The argument is, if you’re going to re-boot something like ANoES, the most effective way to do it isn’t by just upgrading the production values and effects technology, but by drinking more deeply from the dramatic/psychological core of the original– not for the purpose of curing cancer but in order to truly seduce the audience. We appreciate it, and we remember it past the theater exit. This flick I had trouble remembering enough to write the review the next day.
By the way, I find The Dark Knight about as serious as a Superbowl commercial, for all its pretensions. Just like this Freddy film, it’s interested in its characters only for their use as audience cattle prods. Nobody aspires to make Jaws anymore, just the 15 second TV spot for Jaws, on loop.
Steven,
Fair points. I think I misunderstood the references too Lynch and Takashi Miike. My problem with the new NOES and things like the Dark Knight is they fall into humourless cliches about “dark” takes on pop-comic ideas. The difference is , I suspect, unlike Wes Craven or Tim Burton, the people who construct -and construct is more apt than direct- these things are not entirely aware of the playful nature of the kind of film they’re making. They’re not English lecturers or gifted cartoonist. They’re hired-hands who’ve learned what to say to get the gig and have seen enough films to put together something acceptable to boss.

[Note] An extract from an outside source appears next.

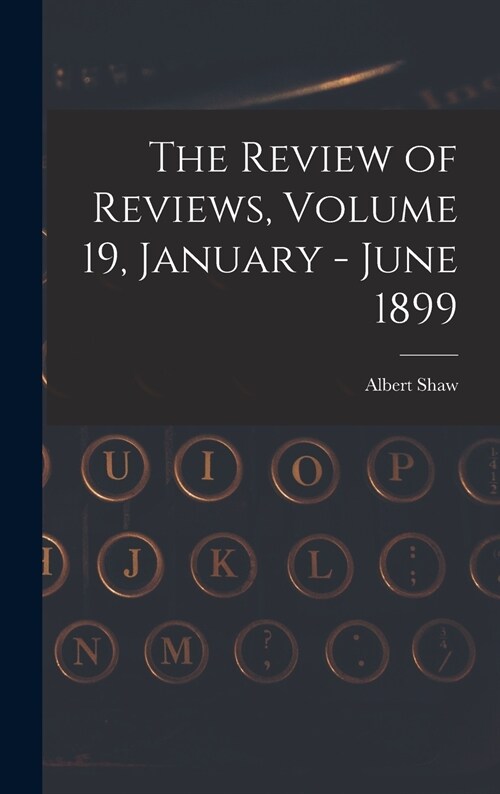The Review of Reviews, Volume 19, January - June 1899 (Hardcover)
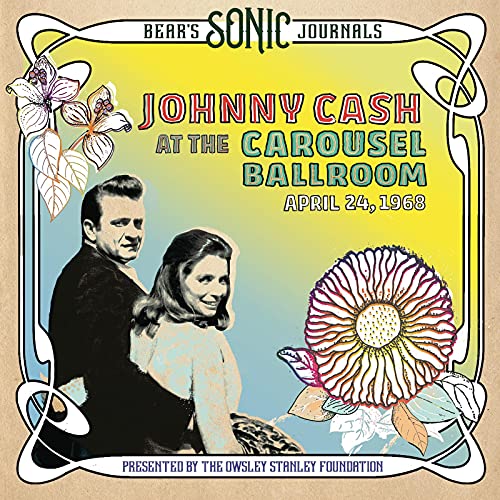 Johnny Cash | Bear's Sonic Journals: Johnny Cash, At the Carousel Ballroom, April 24, 1968 | CD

Most of the life, personality and subtext has been sapped out of mainstream films. It’s what happens when you try the appease rather than entertain film goers and it sadly it works. It’s risk aversion cinema, with the studio as the auteur. What I find odd is that film makers are making fun, bright and commercial films outside of the new studio-system. District 9 and Kick-Ass prove that smart mainstream-minded films can be made, but not within the mainstream. With an almost guaranteed success like NOES 2010 you could have let a director and writers impose some sort of personality on it. But instead the only interesting thing in the film is a by-product of hiring a good actor! You’re absolutely right Jaws could not be made with that level of freedom within the current climate.